Before normal transmission resumes, (replete with the usual inanity, i'ony and scatology for which I died for all of you ungrateful bastards in the present war of words) I think this admirable and uncharacteristic posting from an American warrants a guernsey somewhere here.

I'm sure he'll be receiving a knock on the door at midnight from the Department of Homeland Security and Unka Tone's bovver boyos.



September 12, 2002

I am so frustrated lately by this pseudo-patriotism that serves merely as a whitewash to cover a deep and growing arrogance.

Let me explain myself.

As I've grown up I've been somewhat infatuated with my country and the values that it was founded upon. Freedom. Freedom from oppression. Freedom of speech. Freedom to criticize. Freedom to protest. Freedom to choose your own governmental representatives. Opportunity. Opportunity to work. Opportunity to serve. Opportunity to protect our liberties. For those values I have been, I am, and I always will be willing to lay down my life. Those are values I hold dear. They are blessings and should be viewed as such.

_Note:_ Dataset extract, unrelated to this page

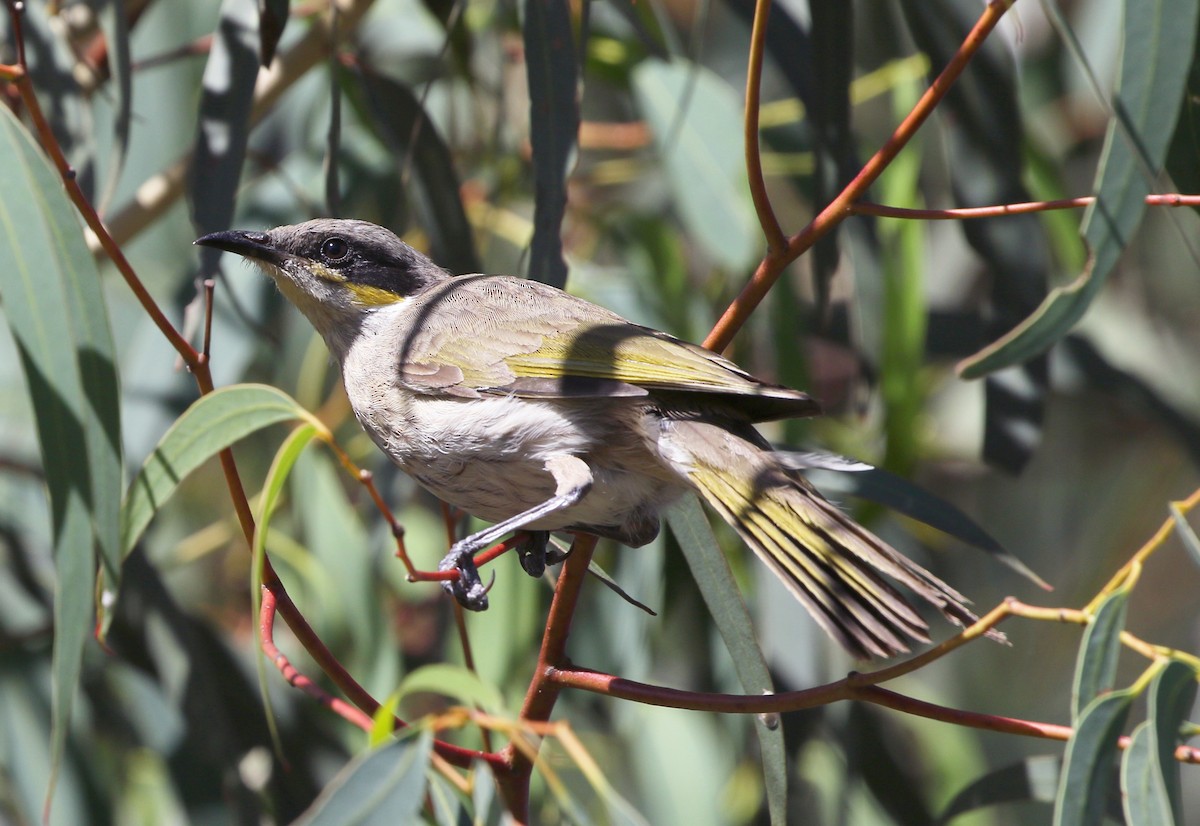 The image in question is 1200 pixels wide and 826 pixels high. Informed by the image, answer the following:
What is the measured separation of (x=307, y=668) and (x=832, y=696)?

Yet as time has passed America has become infatuated not with the truths she was founded on, but infatuated with herself. A deep arrogance has begun to blossom. We are a conceited people, who demand vengeance for the wrongs done to us not so much because they were horrible deeds, but because they were done to us, Great and Mighty America. Who art thou to challenge our greatness? Who are you to pick on us? We have become the self-concious bully on the playground, seeking to get revenge for the sand thrown in our eyes. I do not consider the events of Septemer 11, 2001 as insignificant. Thousands were murdered that day, and I consider that the most abhorrent of evils.

I cannot articulate the sorrow and anger that wells up inside of me in response to the horrors committed. Yet also I find that I am deeply incensed at this conceit that wells up out of the general population. It is as if with one voice all are crying out, "How can you harm us!? As Americans we have a right not to be attacked! How dare you hurt mighty America!?" But who is standing and declaring the injustice that was done, and in turn crying out not for vengeance, but for justice?

On the surface it may seem insignificant. In either case, in fact, the response may be the same. But the underlying attitudes and motivations deviate wholly from that which this nation was established on. For when we seek not justice but vengence, we are becoming like the very evildoers who delivered that vile evil against us. Do we seek revenge or justice? An eye for an eye or the rod of discipline? Our we motivated by hatred or righteous anger? Are we filled with integrity or a blood lust?

If patriotism now means that I must declare my own existence more important that the existence of someone else on this earth, then I shall have no part in it. But if I can be part of a patriotism that declares that all men truly are created equal, that justice must be upheld, that freedom and liberty are great blessings to be held onto with joy, that these blessings are only considered "rights" when those who are given them are blessed with a government who acknowledges these truths, and that we have no place to be arrogant because we ourselves are but stewards of these great values, then show me the way, for I will spill my blood first to defend this form of patriotism -- a patriotism upon which that "Great America" was built.